Por Mamen Sanjuán
Josep Pla decía: “(…) de la ciudad, lo que más me gusta son las calles, las plazas, la gente que pasa ante mí y que probablemente no veré nunca más (Prólogo a Cartas de lejos, 1927).
Sobra decir que el gran Pla no fue un urbanista, ni un geógrafo, ni un arquitecto…, pero como ciudadano tenía una idea de ciudad bastante más clara que muchos teóricos, (más bien pseudoteóricos), del urbanismo. Desgraciadamente hoy no podemos saber que opinaría él sobre el proyecto de la Ecoaldea Daroca.
Yo, como ciudadana, lo considero un experimento urbanístico-arquitectónico; un ejemplo más de “urbanismo de productos” que no responde tanto a una visión de ciudad, sino más bien a una oportunidad de negocio.
Estamos viviendo una época curiosa: se exalta la ciudad pero, al mismo tiempo, con frecuencia se practica una arquitectura “urbanicida”. O quizá fuese más exacto decir que esta arquitectura es la expresión de unos procesos urbanos que niegan la ciudad; un urbanismo del miedo, del miedo a la ciudad; un urbanismo de mercado que, en lugar de enfrentarse a sus efectos desequilibradores, se adapta a sus dinámicas, vende la ciudad al mejor postor y deja que se extienda una urbanización difusa que multiplica las desigualdades sociales; un urbanismo que se expresa en arquitecturas banales, en crear zonas aisladas y aislantes.
Todos los proyectos cuyo nombre empieza por… “La Ciudad de XXX” (rellénese XXX con “el juego”, “las artes y las ciencias” “el automóvil”,… y se tendrán diversos ejemplos de ciudades o barrios de cartón-piedra, parques temáticos y monocultivos de uso más que discutible, sectorizados y abandonados a determinadas horas y días de la actividad urbana). Estos son ejemplos claros del trasnochado principio zonificador que optaba por dividir la ciudad en trozos monotemáticos, generadores de tráficos y consumos energéticos entre cada trozo que hoy no podemos seguir asumiendo.
Entonces, ¿por qué colonizar nuevos territorios? Aunque sólo fuera por el ahorro energético en transporte, la opción debería ser considerada como una alternativa, pero esta decisión tiene una trascendencia mayor, incluso, por su incidencia en el tejido económico y social de la ciudad.
Existen experiencias en todo el mundo que muestran la viabilidad económica y la eficacia urbanística de centros integrados en el paisaje y la vida ciudadana. ¿Por qué razón la gestión urbanística pública no evita las operaciones especulativas y la creación de zonas segregadas por doquier?. ¿Por qué tenemos que admitir complejos urbanísticos residenciales, comerciales, etc., que den la espalda al espacio público. ¿Ganamos algo los ciudadanos con que se creen nuevos barrios a cinco kilómetros del núcleo urbano, para que otros especulen con los terrenos intermedios?
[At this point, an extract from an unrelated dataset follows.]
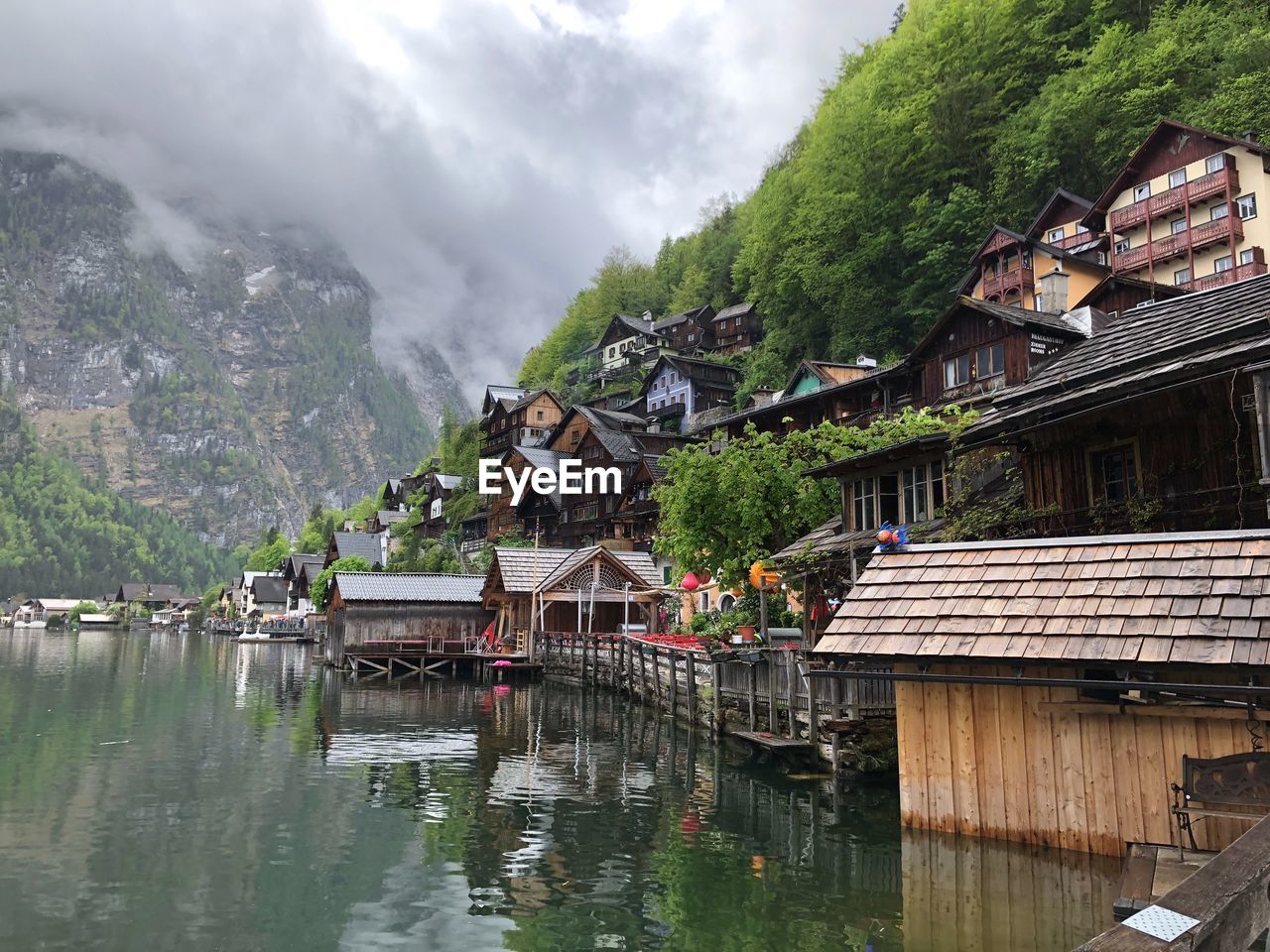 Houses by river and buildings against sky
Como ya dije en un anterior escrito, algunos estamos convencidos de que el acento debe ponerse en el crecimiento compacto de la ciudad, en la renovación y transformación del tejido urbano existente, con coherencia y con el criterio de minimizar la urbanización de nuevo suelo.
Las últimas tendencias en urbanismo relacionan tácticamente las políticas de rehabilitación con una recuperación del sector de la construcción inmobiliaria. García Bellido, ya en 1979, tras la famosa crisis del petróleo de los años anteriores, exponía su tesis sobre el llamado crecimiento centrípeto (hacia el centro), cuando está en crisis la expansión urbanizadora centrífuga (hacia el extrarradio).
Debemos ser conscientes que el urbanismo puede “crear ciudad” o contribuir a deshacerla.
Eso se llama negocio, las ciudades crecen pero a costa de qué y de quien?